Families in Puerto Rico, many of whom are still without power after Maria, can’t use credit cards, phone payments, or ATMs without electrical power and, as such, can’t buy food, gas, or other necessities because they didn’t have enough cash before the disaster struck, the New York Times reports.


This won’t work after a natural disaster like Hurricane Maria.

The island territory is essentially a cash-only economy right now and has been for more than a week. Grocery stores, even if they have food to sell, can’t process credit card payments and are taking only cash. The same is true at gas stations: even if people have money in their bank accounts, they can’t get to it without power.

About 90 banks and 200 ATMs are working across the island, government officials said. But many open well past their stated business hours and close by 2 or 3 PM.

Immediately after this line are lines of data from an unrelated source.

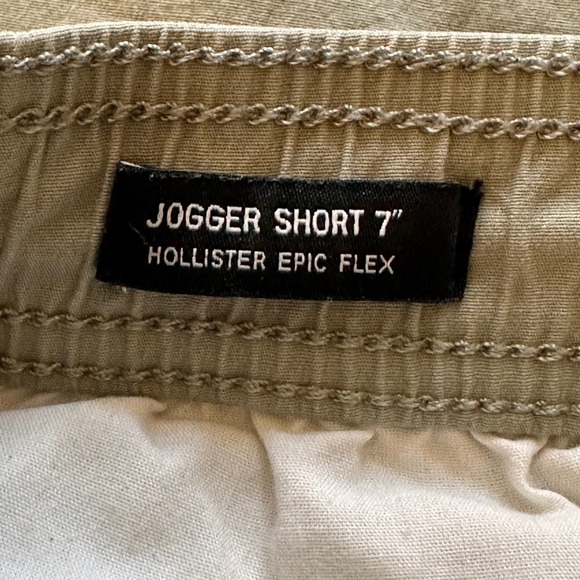Hollister Mens Jogger Shorts 7" Epic Flex Olive Khaki Size Check Description - Picture 9 of 14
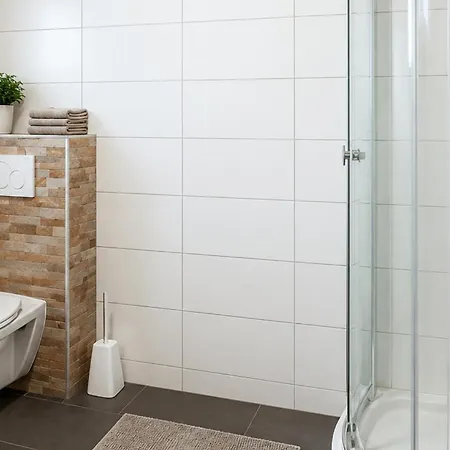 2 Bedroom Lovely In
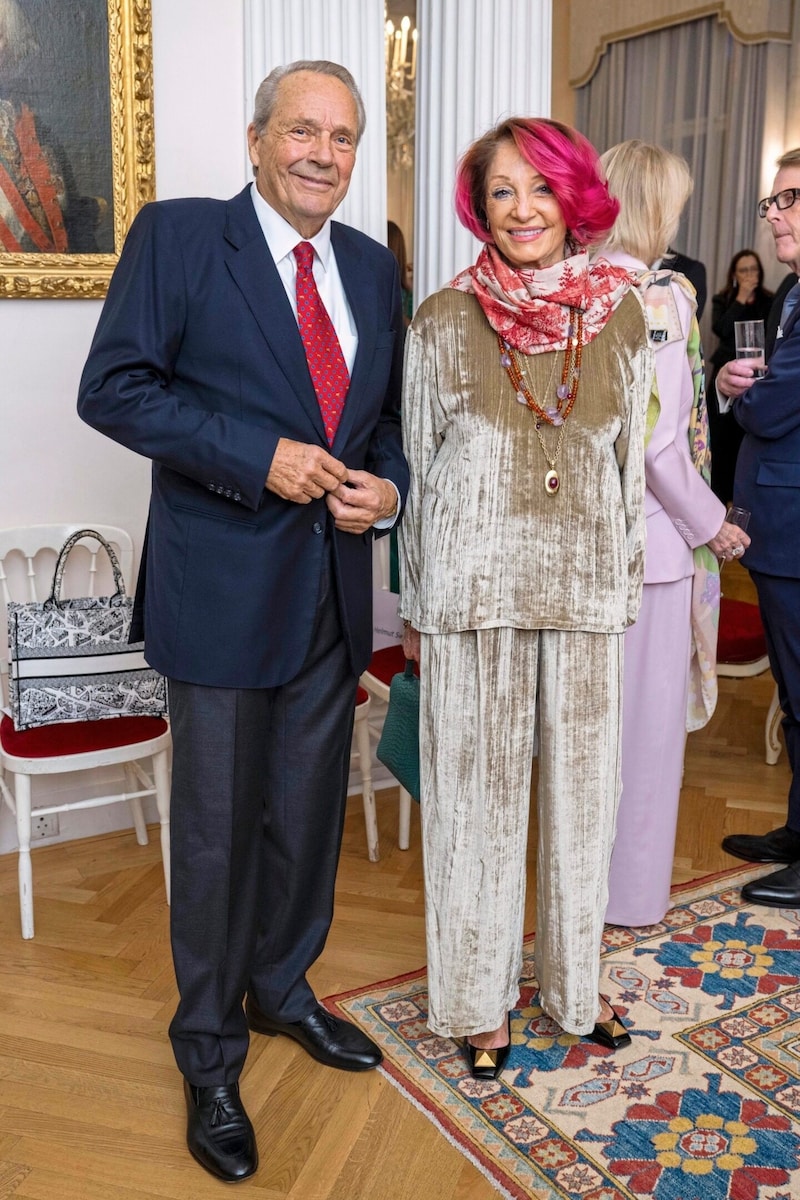 Helmut und Dana Swarovski in der Österreichischen Botschaft in London. (Bild: Nick Harvey)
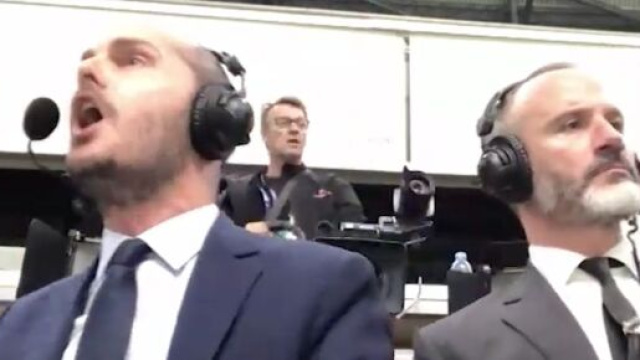 Eric Di Meco abattu après la défaite de l'OM face à Tottenham. (crédit capture RMC)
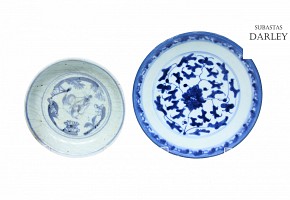 Dos platos de porcelana azul y blanco, S.XIX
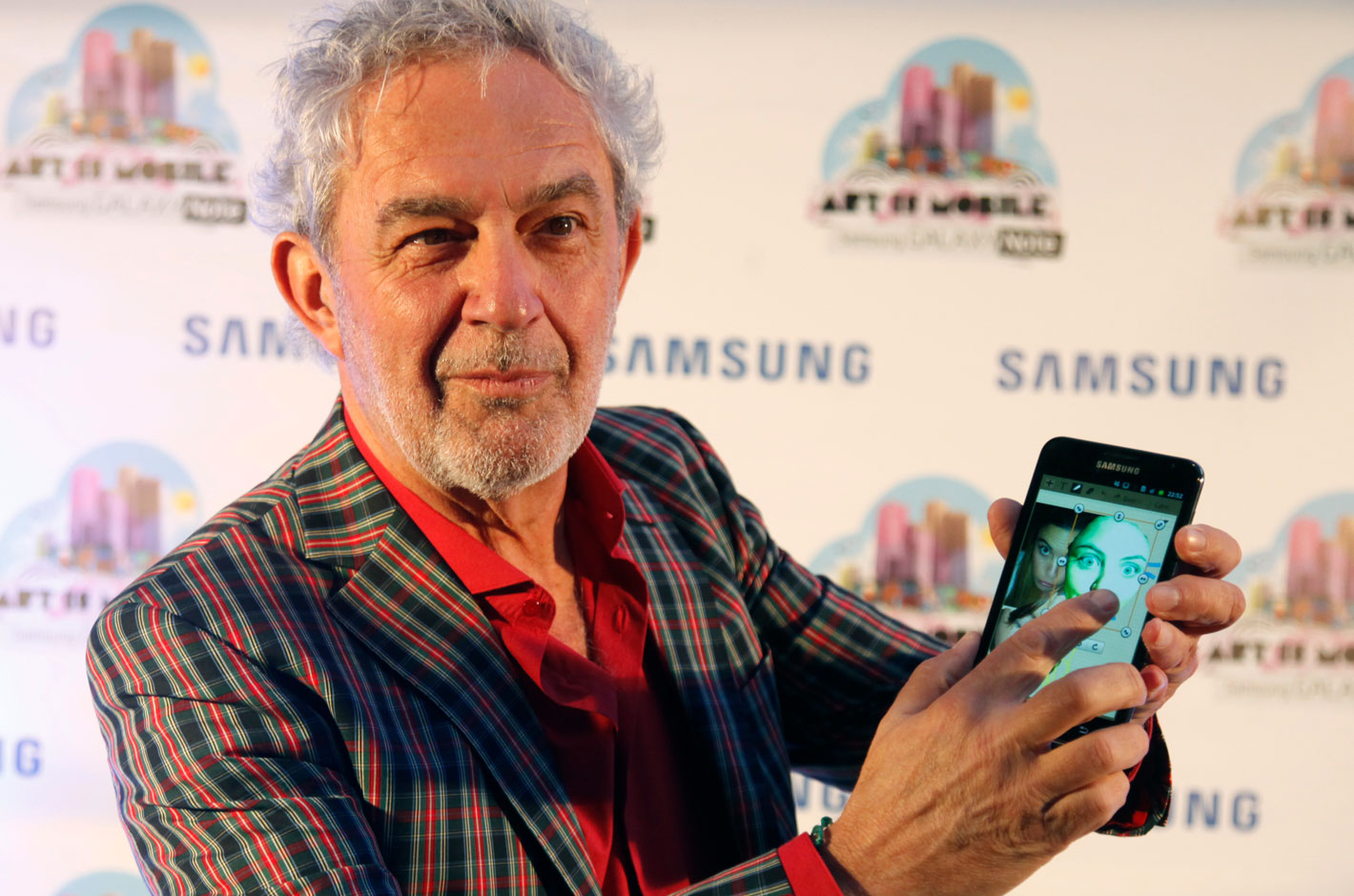 Lalo Mir en el Lanzamiento Art is Mobile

“We have been getting shipments of money,” the Times quoted Gov Ricardo A Rosselló as saying. “We want to make sure people get access to the money that they need immediately, and recognizing that we are in an emergency situation.”

Cash is like meal rations for residents. How much can they spend each day in order to make it last until the power comes back on and they can get access to their money?

For many people, a typical “disaster kit,” intended for grabbing what they need and evacuating before a hurricane lays waste to their house, only includes cash as an afterthought, alongside important emergency numbers and family health records.

Items that every such a disaster kit should include are on a list published by Fox News. Listing cash as the first of several “important documents and items,” in position 9 of the “10 Things You Need to Have in Your Disaster Emergency Kit,” the article relegates cash to a role of secondary importance in a disaster and doesn’t say how much to have on hand.

I’m not suggesting water isn’t an important item to have in such a kit (water is first on the list, and putrid water is still flooding Puerto Rican streets), but after days of being without power, people start to realize how important cash is in today’s computer-driven world of commerce.